Hooked on Alaska: Hunt for moose grounds before season opens

By Steve Meyer, for the Redoubt Reporter

Perhaps you have looked around and identified some spots that look promising and will leave you a reasonable distance for packing the largest deer on the planet.

Now what?

For the first-time moose hunter, knowing what you are up against may spur more effort. Outside of fenced animals, there are roughly 170,000 moose in Alaska, according to the most reliable information based on numerous factors. Annual harvest runs between 6,000 and 8,000 animals. So the odds are not greatly in favor of even the hardest-working hunters in populated areas.

Determining the presence of moose in a given area can best be accomplished by getting into the area and searching for sign.

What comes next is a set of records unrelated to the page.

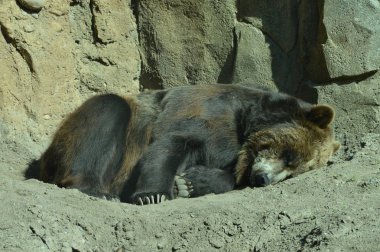 Kuzey Amerika boz ayısı pisliğin içinde yatıyor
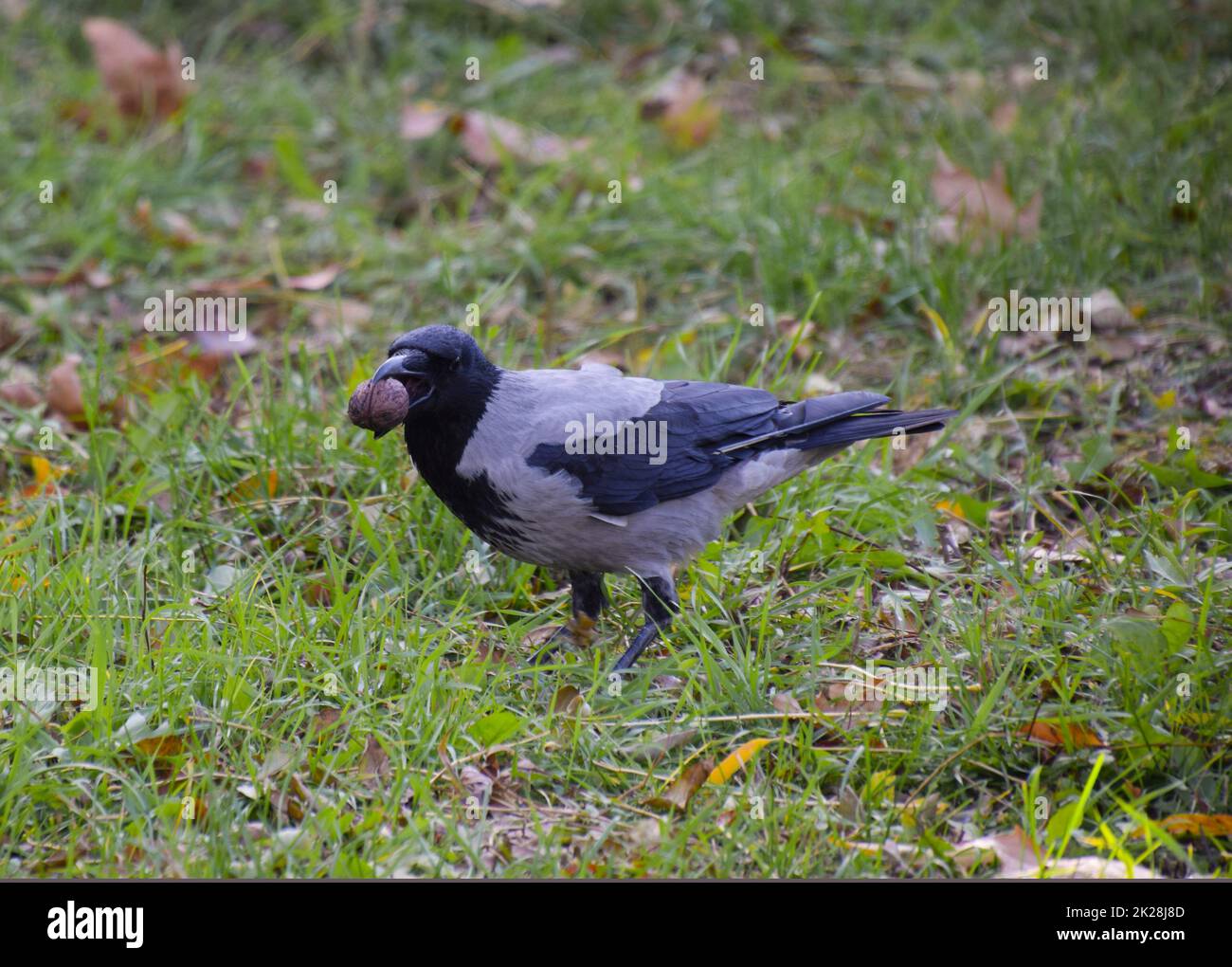 Crow holding an eagle in his beak. Hooded crow on the grass. A bird of the family Corvidae Stock Photo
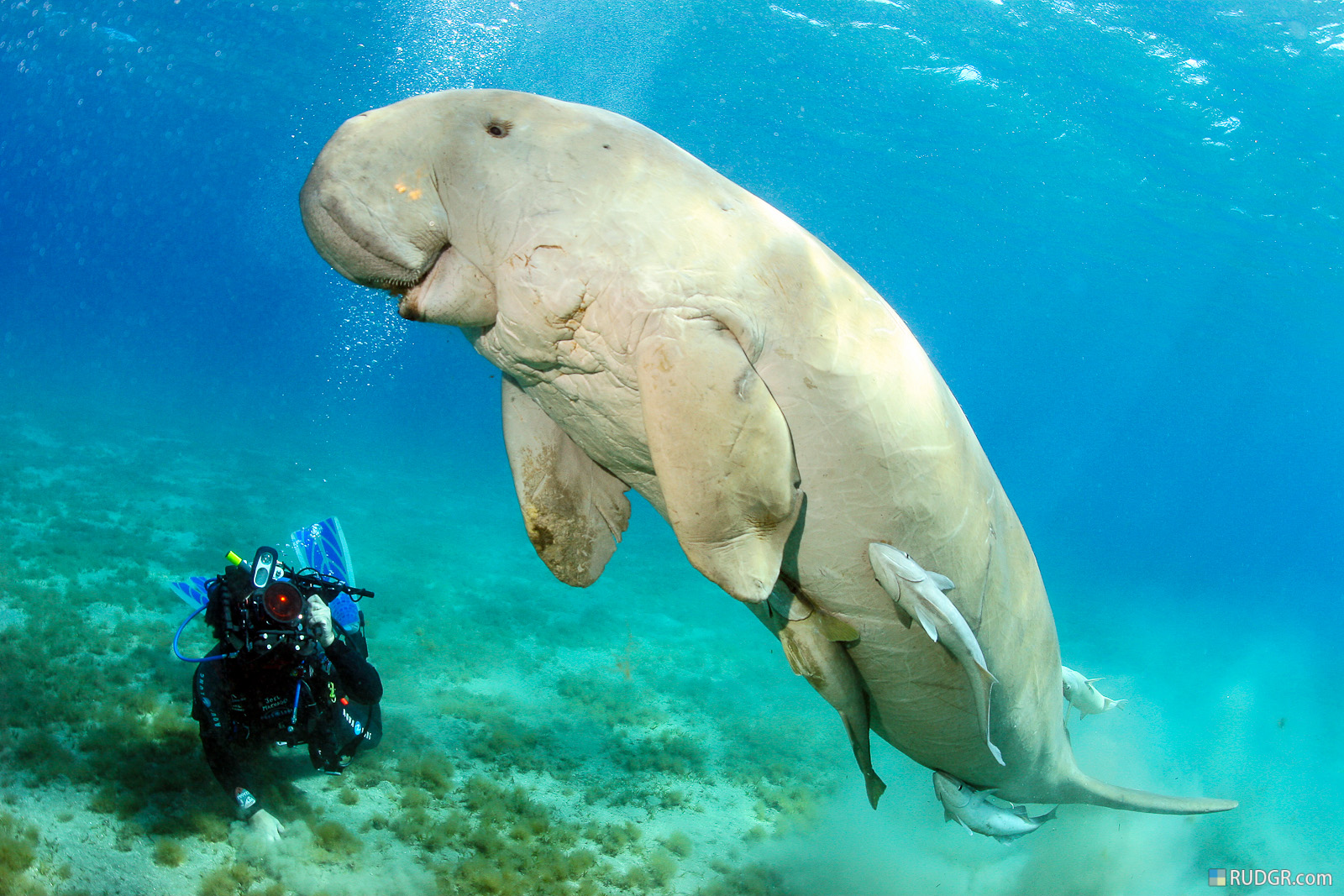 Nouvelle-Calédonie: Les dugongs menacés de disparition par le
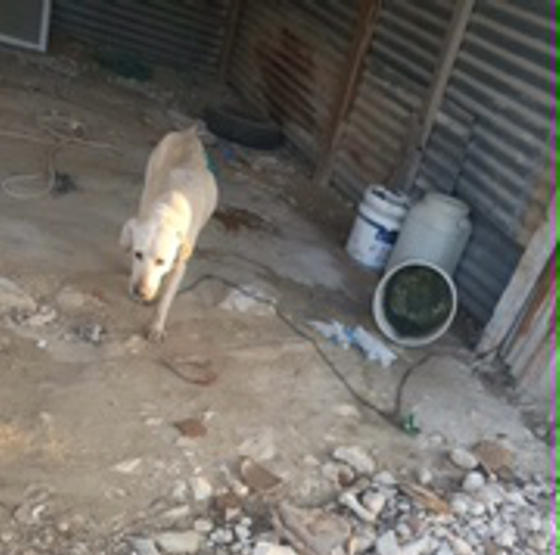 Foto aus der Hundeschule Gülzow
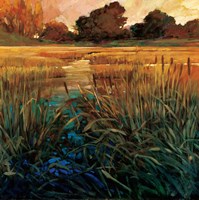 Golden Creek Fine Art Print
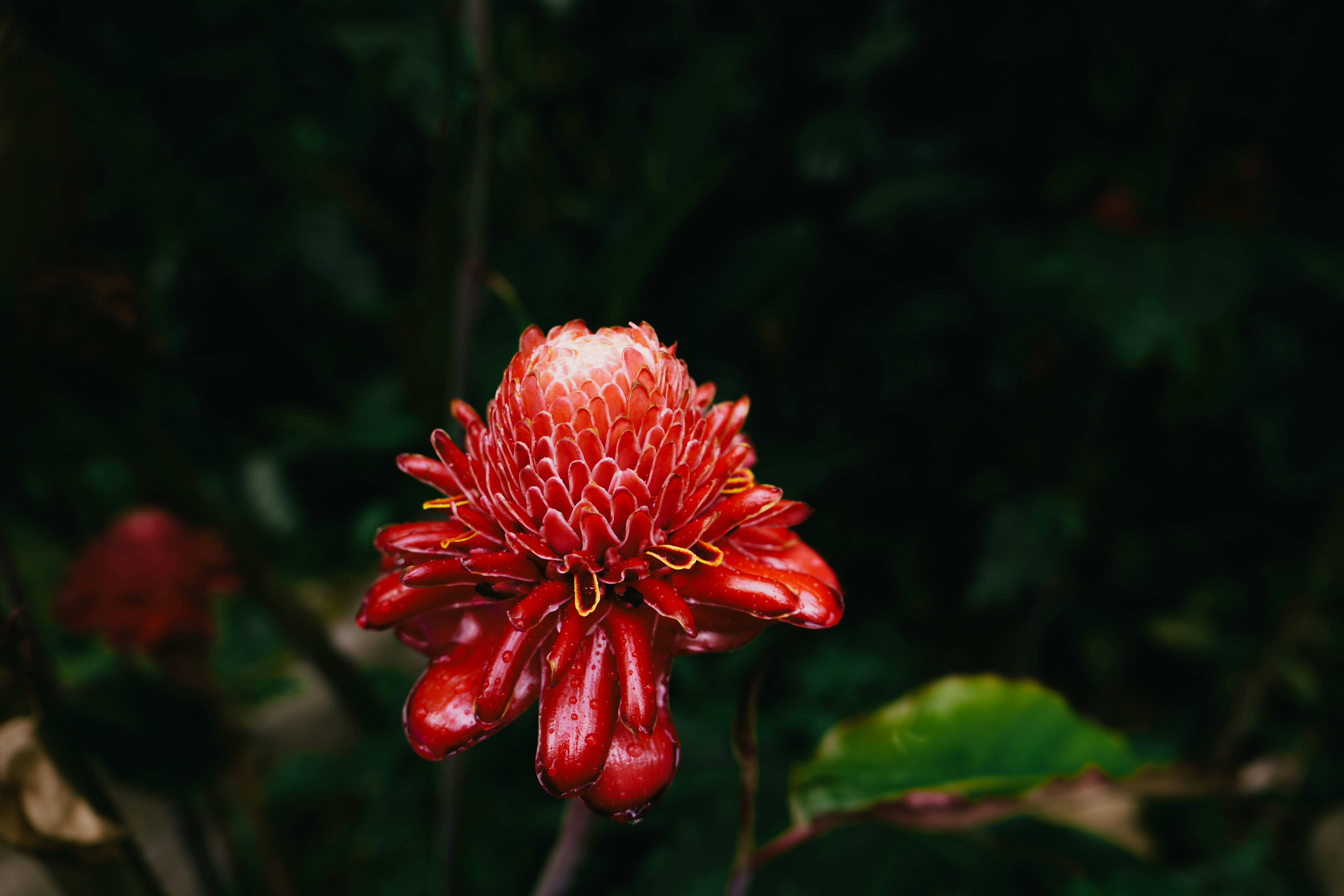 Photo by 17allansfilms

Sign comes in the form of tracks, droppings, browse lines and rubs. Moose droppings are readily identified by practically everyone. The uniform, oblong shapes that are essentially digested wood particles can be seen in most any stretch of wooded area that you might walk. But during summer months, when moose diet consists of new leaves, grasses, sedges and aquatic vegetation, moose droppings take a different form. They appear more like what you would find in a cattle yard.

Browse lines are another sign to look for — areas of new-growth birch or willow that appear to have been snipped off about chest high by pruning shears. You may have one in your yard where a moose has carefully trimmed your favorite trees during the winter. Browse lines indicate moose presence but are created in the fall, winter and early spring. A moose may remain in that area throughout the year, but generally this is not the case.